2. The next question is what is the correct law on the subject. The learned Sessions Judge referred to two rulings. In Gaya Prasad v. Emperor A.I.R. 1938 All. 745 there was a case where a pujari left his temple at midnight and threw bricks into it in the hope that the Hindus believing that the bricks came from the Mahomedan quarter would get enraged, and there would be a Hindu-Moslem riot, and it was found that nobody was hit. Under these circumstances a learned single Judge of this Court held that the applicant could not be convicted under Section 336, I.P.C., because his act was neither rash nor negligent but deliberate, and Section 153, I.P.C. did not apply, because it could not be said that his act was illegal.

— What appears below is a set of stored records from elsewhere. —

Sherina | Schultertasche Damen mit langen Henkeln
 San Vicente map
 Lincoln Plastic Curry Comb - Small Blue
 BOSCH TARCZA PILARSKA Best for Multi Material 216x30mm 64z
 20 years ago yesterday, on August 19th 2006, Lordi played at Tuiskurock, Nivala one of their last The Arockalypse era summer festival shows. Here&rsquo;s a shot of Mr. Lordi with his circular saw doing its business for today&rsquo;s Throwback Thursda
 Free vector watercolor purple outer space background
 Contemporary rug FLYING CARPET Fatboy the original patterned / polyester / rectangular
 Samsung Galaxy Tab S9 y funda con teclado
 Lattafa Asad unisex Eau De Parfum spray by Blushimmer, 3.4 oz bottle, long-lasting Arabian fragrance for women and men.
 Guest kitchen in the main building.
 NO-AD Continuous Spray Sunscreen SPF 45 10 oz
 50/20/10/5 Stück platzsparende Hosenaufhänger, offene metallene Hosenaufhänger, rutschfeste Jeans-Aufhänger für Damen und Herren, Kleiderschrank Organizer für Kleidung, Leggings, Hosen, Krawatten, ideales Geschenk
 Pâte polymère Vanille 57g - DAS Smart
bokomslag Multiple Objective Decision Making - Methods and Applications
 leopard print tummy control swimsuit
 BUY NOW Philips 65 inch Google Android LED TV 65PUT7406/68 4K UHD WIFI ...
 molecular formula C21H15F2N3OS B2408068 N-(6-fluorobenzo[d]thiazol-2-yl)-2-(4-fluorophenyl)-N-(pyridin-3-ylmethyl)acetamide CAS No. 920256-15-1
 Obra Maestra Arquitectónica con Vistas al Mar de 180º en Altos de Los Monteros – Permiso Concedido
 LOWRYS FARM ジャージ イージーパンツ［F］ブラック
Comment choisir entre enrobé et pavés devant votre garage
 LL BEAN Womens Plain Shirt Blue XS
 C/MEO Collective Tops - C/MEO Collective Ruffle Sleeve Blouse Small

The learned Sessions Judge fails to notice that the facts of that case are entirely different, because in that case the accused had thrown bricks into his own temple, whereas in the present case the accused threw bricks into the house of another person who did not consent to that operation. Further there was no suggestion that the act was done in order to create a riot, BO Section 153, I.P.C. need not be considered. The second ruling referred to by the learned Sessions Judge is that reported in Babu Ram v. Emperor : AIR1925All396 . In that case, when communal riots were taking place in different parts of the town the applicant, a brother of a licence-holder, took a gun and fired shots in the air so that people mischievously inclined might know that it was not safe for them to do any mischief to the people living in the house. It was held that this would not amount to an offence under Section 19(f), Arms Act. There was a reference also to a conviction of the applicant under Section 336, I.P.C. on a finding that he threw brickbats and fired shots at passers by. This Court held that that conviction was on an insufficient and improper charge and that if the finding was correct the acts would amount to attempted murder or an attempt to cause grievous hurt with a deadly weapon. I do not think that this ruling applied in any way whatever to the facts found in the present case. Section 336 states
that whoever does any act either rashly of negligently so as to endanger human life or the personal safety of others
shall be guilty of an offence under that section. Learned Counsel argued that any act' must be limited to the meaning of 'any legal act' and that the section would not apply to an illegal act. I do not see any authority in the rulings quoted for this limitation of the perfectly general words 'any act.' In the present case the throwing of bricks into the house of the complainant was an act which would endanger the personal safety of the complainant when he was inside and of any other person who might be inside. I do not see anything in the section which indicates that the facts found would not constitute an offence under this section. The learned Sessions Judge was certainly wrong when he states that if anybody had been hit in the house it would furnish grounds only for a civil action. I may point out that the facts found would also amount to the offence of assault under Section 352, I.P.C. as the throwing of the brickbats by the accused would be a gesture which would cause the complainant to apprehend that criminal force was about to be used against him, that is, if the bricks hit him criminal force would be used against him. I consider that there is no reason whatever to set this conviction aside on legal grounds and I have already found that the facts were sufficiently proved. The sentence is not excessive. For these reasons I refuse this reference. Let the papers be returned to the Sessions Judge.